TDOT was out pre-treating state roads and interstates Sunday, but county road department officials said they're waiting for the snow to stick, and that pre-treating roads can sometimes be a bit of a waste if the pavement gets wet before the snow hits.
Bradley County Road Department was busy getting vehicles ready to fight ice Monday afternoon.
"We're about ready as we can get for it," said Tom Collins, road superintendent.
Since Monday's snow was melting as it hit the ground, Collins said there was no need for trucks to hit the roads.
"If you're going to have a snow where it's going to be raining before it snows, then it can be a waste in that situation," said Collins.
He said crews were waiting for temperatures to fall below freezing.
"It's not going to be a problem until the temperature drops down to freezing or below."
If temps don't fall much lower than that, Collins said the salt should work better than it did during the snow even several weeks ago.
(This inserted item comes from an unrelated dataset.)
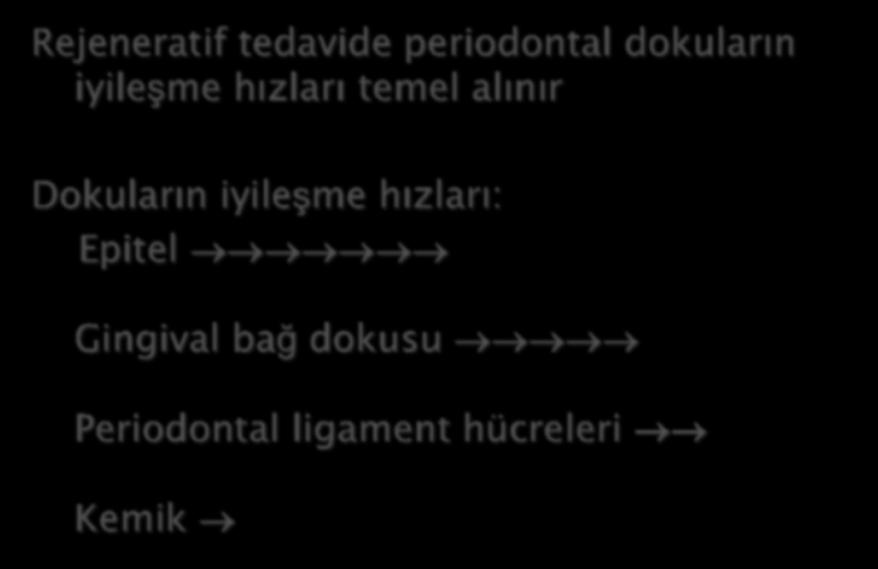 Rejeneratif tedavide periodontal dokuların iyileşme hızları temel alınır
"You have a little bit of timeframe [after freezing temperatures hit] because the asphalt is holding a little heat in it."
"There wasn't nothin' on the roads, it was good," driver, Judy Gentry said of Monday's roads.
Gentry drove from Charleston to Cooke's Food Store in Cleveland, but she wasn't making a mad dash for the milk and bread. The only item on her list: sour cream for chili during the upcoming forecasted snow storm.
"Just staying at home, bundled up," she said.
Gentry has the right idea, according to the road department. Collins urges folks to stay home during inclement weather. When slick roads are clear of cars, he said it's easier for crews to more efficiently clear out any snow.